> _Supplied material_
⟨
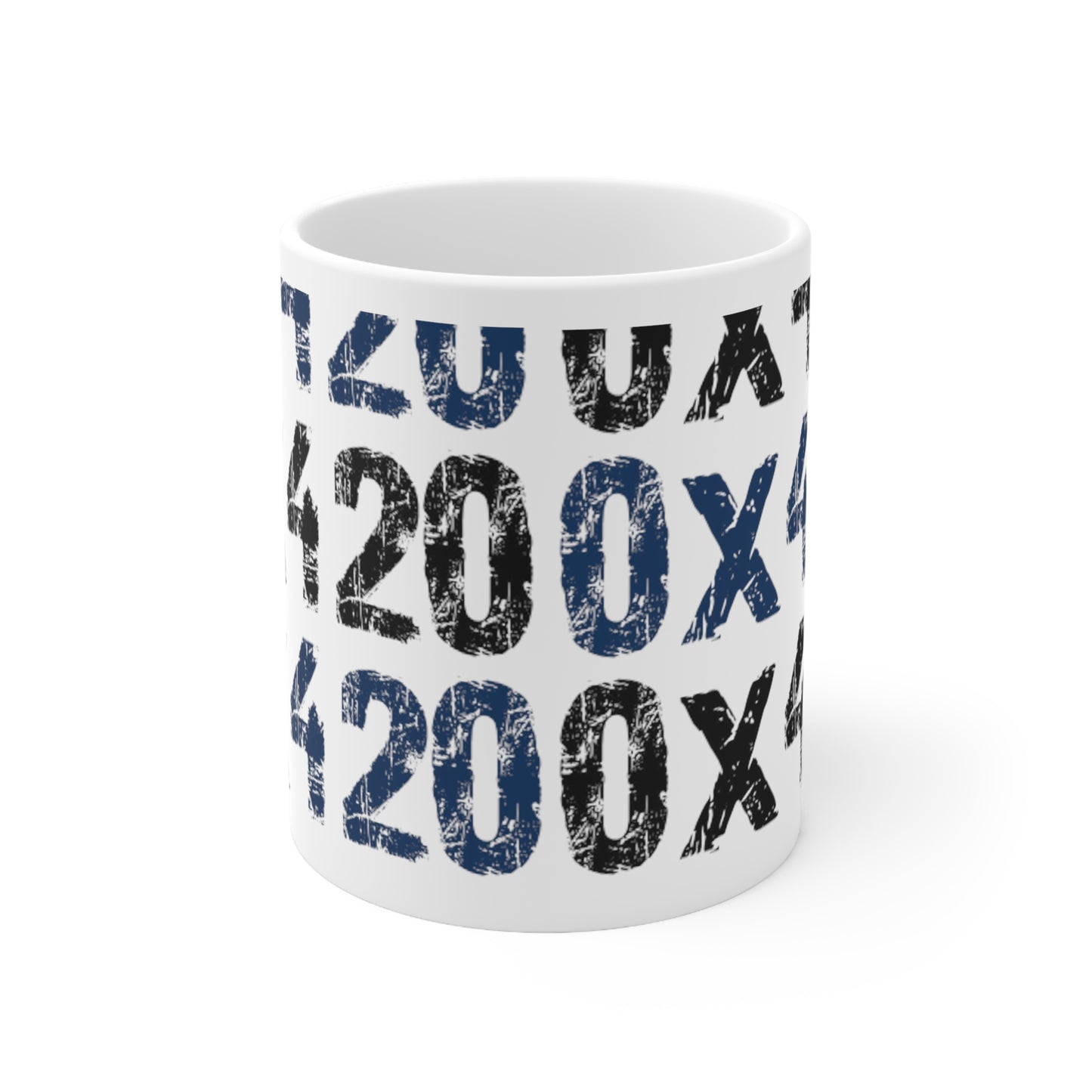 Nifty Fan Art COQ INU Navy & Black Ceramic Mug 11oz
⟩
⟨
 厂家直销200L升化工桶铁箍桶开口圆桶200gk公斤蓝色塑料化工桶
⟩
⟨
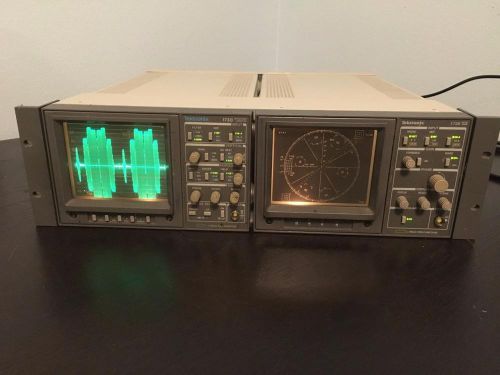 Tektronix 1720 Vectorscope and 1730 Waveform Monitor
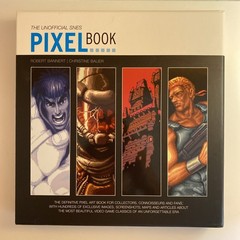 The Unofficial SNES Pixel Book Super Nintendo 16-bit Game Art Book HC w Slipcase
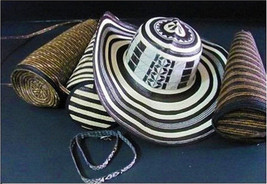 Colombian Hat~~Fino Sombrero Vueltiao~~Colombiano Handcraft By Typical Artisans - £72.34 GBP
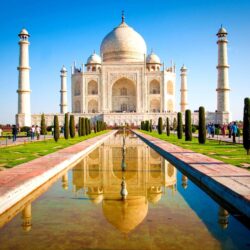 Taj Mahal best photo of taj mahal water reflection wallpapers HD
⟩
Only one part of the listing is wanted: the lines from the one containing "Tektronix 1720 Vectorscope" through the one containing "Taj Mahal best", both included. Please transcribe it exactly, leaving out the pictures.

> _Answer section_
 Tektronix 1720 Vectorscope and 1730 Waveform Monitor
 The Unofficial SNES Pixel Book Super Nintendo 16-bit Game Art Book HC w Slipcase
 Colombian Hat~~Fino Sombrero Vueltiao~~Colombiano Handcraft By Typical Artisans - £72.34 GBP
 Taj Mahal best photo of taj mahal water reflection wallpapers HD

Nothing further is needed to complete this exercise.